Read Occupy's plan for Saturday—including a rough schedule of events—after the jump.
Occupy Portland is responding to the Mayor’s threat of eviction on Saturday night, November 12/13, by throwing a Potluck Dinner: a family-friendly event with music and celebration for the entire city. Affinity groups will lead neighborhoods in marches beginning around 2 p.m. converging on the Occupation from about 5 PM. At least one group is coming from Seattle. There were announcements of support from local and regional groups. The purpose of the Occupy potluck is to bring a significant mass of people together in solidarity with the nonviolent, humanitarian goals of Occupy.
Energy at the General Assembly on Thursday night was high, and attendance was sharply up. Observers say between 200 and 300 were in attendance. Volunteer facilitator Adriane said the only larger General Assemblies have been in the first week of the Occupation. Many speakers voiced a belief that the movement is growing stronger, that the threatened eviction will bring more energy into the movement, and that a continuing public presence is necessary to provide a place for people to meet and to make visible the systemic problems that corporatism has long kept invisible.
After the emergency GA held in front of City Hall at noon, working groups prepared lists of actions that people can take before and after the eviction date. Most of the ideas put forward include the importance of gathering the largest crowd Occupy Portland has yet seen, united in peace, united in support for the 99% whose interests have not been served by corporatism, by war, and by the concentration of wealth in the hands of the very few. Visions include the following:
—a mass of people, singing and chanting, circling the encampment Saturday night on foot and bicycle;
—food: empanadas, pizza, cake, locally-grown fruits and vegetables;
—music: guitars, drums, shakers, singalongs;
—more signs: creative signs, funny signs, home-made signs with memorable slogans;
—playful costumes (warm and fuzzy ones, bunny suits, Portland at its weird and wonderful best);
—dancing all night long.
Adriane reminded the assembly that as always, in Occupy events, “Whatever the whole group decides, everyone can go with whatever feels right to them, so long as it’s peaceful and nonviolent.”

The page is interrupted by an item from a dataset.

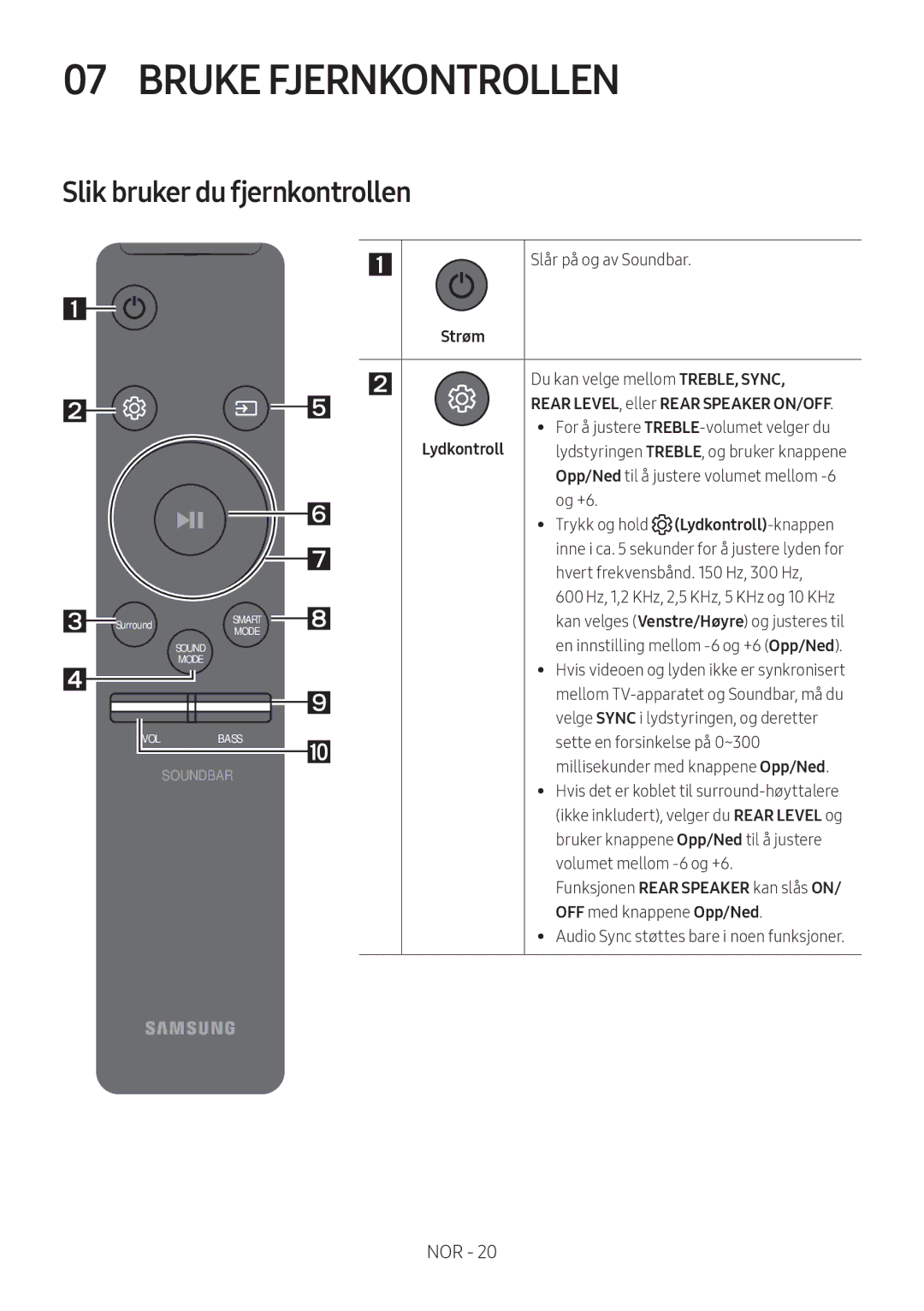 Samsung HW-MS6501/ZF, HW-MS6501/EN, HW-MS6500/ZG, HW-MS6500/EN, HW-MS6501/ZG, HW-MS6500/ZF manual Slik bruker du fjernkontrollen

Before Saturday night, those who have valuables in the Occupied parks are urged to secure them and to move them off-site. Coalitions of local labor groups and some local churches are offering transportation and storage. Friday is a day for clean-up for the potluck. Some voices recommend “leave no trace.”
There were also many ideas concerning actions during and after the planned eviction. Some will sit in wait to be arrested. A training for those who are willing to risk being arrested is offered by the National Lawyer’s Guild at 2 PM on Saturday. Others will provide support for those being arrested. Ideas for after the eviction include the following: outreach to unions, homeless organizations and faith organizations, plans to keep the occupation visible, plans for community events occurring on a regular basis, plans to return to the park and clean it, re-seed the grass, care for the trees, and make the two parks that have been so important to us, more beautiful than they were before the Occupation.